When there is a bending moment there is a shear stress as well as a normal stress due to the moment. Generally, the shear stress caused by a moment is insignificant in comparison to normal stress caused by the moment. Due to this fact you may not even need to consider that shear stress in your analysis. The one case where you would want to consider it is when the bending moment is on a short stubby beam, which in those cases the shear stress could be significant when compared to the normal stress due to a bending moment. Also, remember if you are analyzing the shear stress due to the bending moment the maximum shear stress will be present at the centroid of the shaft, while it will be negligible on the surface of the shaft. This is the reverse for the normal stress due to bending as well as the shear stress due to torsion. In those cases the maximum stress will be on the surface of the shaft and is negligible at the centroid of the shaft.

Finally, the last type of force that could interact on a shaft is an axial force due to a thrust load. This generally can be considered negligible though in comparison to stress due to a bending moment, and the stress due to torsion. It depends, however, and you will need to make an educated decision based off the current information that you have at the time.

## Deflection

In addition to stresses, you might also be interested in the deflection caused by those stresses. One of the main reasons that you might be interested in determining what the deflection is on a shaft is to make sure northing binds. Remember the shaft could be seeing an axial load, a torsional load, or a bending moment, or combination of all three.

The easiest types of deflection to calculate will be the deflection due axial loading and the deflection due to torsional loading. The equation below would be used to calculate the deflection due to an axial load.

(Eq 22)  $δ=\frac{FL}{AE}$

$L$ = Length between the force and ground

$E$ = Young’s Modulus

$A$ = cross-sectional area

The equation below would be used to calculate the angle of twist due to a torsional load.

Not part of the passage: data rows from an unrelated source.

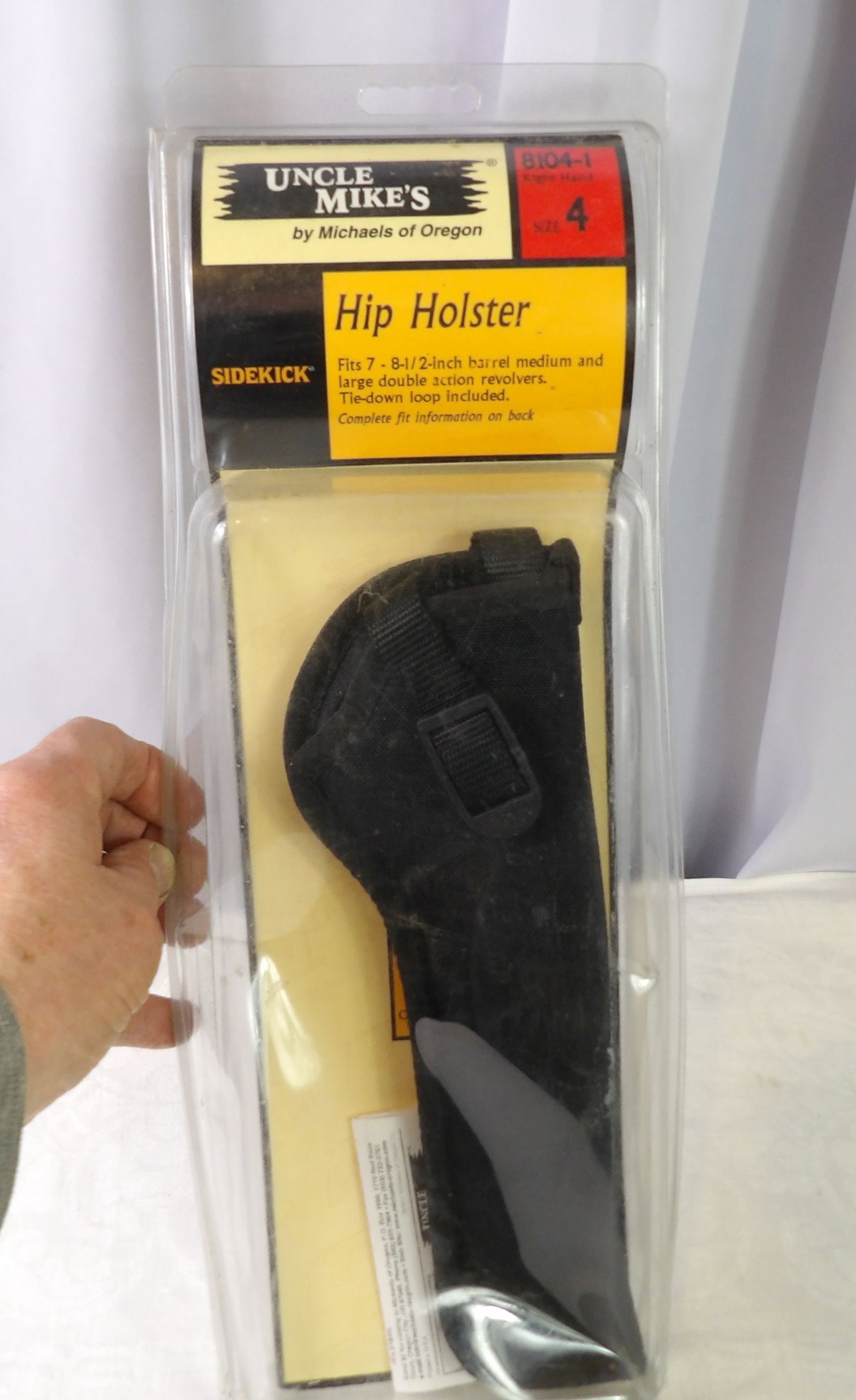 Sidekick Right Handed Hip Holster: Uncle Mike's Sidekick Hip Holster, Size 4, Right Hand, Fits 7" -8 1/2" Revolvers. All measurements approximate. Please see photos for condition and details. Selling as is from 04281.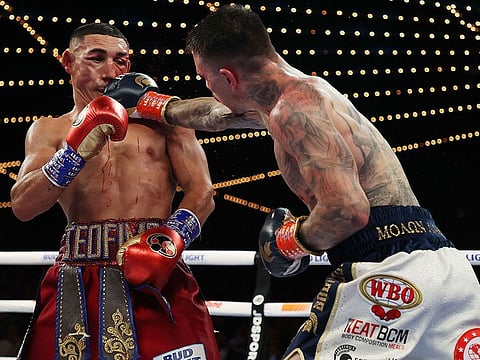 George Kambosos (right) lands a punch at Teofimo Lopez during their bout last year.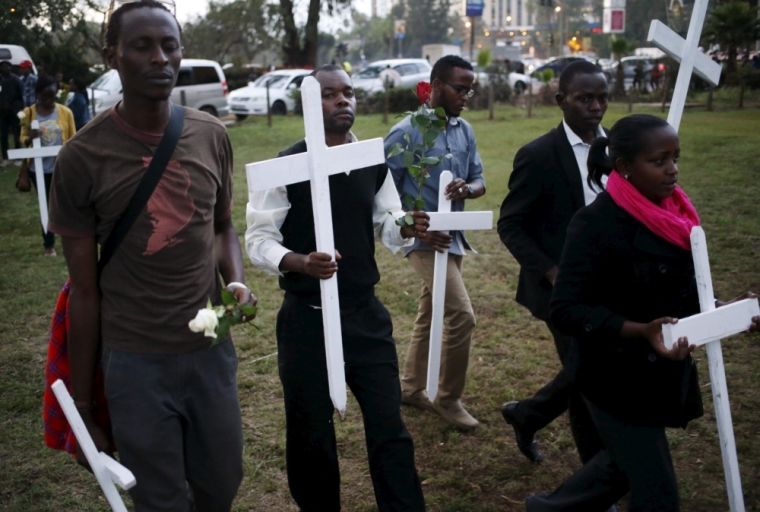 People carry wooden crosses, symbolizing the people killed by gunmen at the Garissa University College, during a memorial vigil at the 'Freedom Corner' in Kenya's capital Nairobi, April 7, 2015. Kenyan university students marched in the capital on Tuesday to demand more security from the government after gunmen killed nearly 150 people at a campus in the eastern town of Garissa last week. A citizens group planned to hold a vigil in Nairobi's main park later in the evening, tapping growing public frustration over security in the wake of the attack claimed by al-Shabaab radical Islamists based in neighboring Somalia.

(Eq 23)  $Φ=\frac{TL}{JG}$

$L$ = the distance that the torque is applied to

$G$ = Shear Modulus

$J$ = Polar Moment of Inertia

Next, the deflection due to a bending moment may need to be determined. This is much more complicated and a single equation can’t be used to find this. Instead you will need to derive the equations based off of the shear and moment diagrams. The images below provide six different examples that can used to calculate the total deflection of the shaft and its slope. You can however derive your own equations for unique situations by either using deflection by integration or by using the discontinuity functions.

## Critical Speed

As a shaft rotates its rigidity EI resists centrifugal forces caused by the shafts rotation. These deflection are typically small, and do not cause any issues with the assembly. However, there are certain speeds when the shaft can become unstable, and the deflection will increase without any upper bound to stop them. This is known as the critical speed or natural frequency of the shaft. If the shaft is a simple uniform diameter the following equation can be used to find the first critical speed of the shaft.

(Eq 24)  $ω_1=\left(\frac{π}{l}\right)^2\sqrt{\frac{EI}{m}}$

$m$ = mass per unit length

To find the higher order critical speeds you will need to use matrix algebra, which I’m not going discuss in this article, or use computer modeling.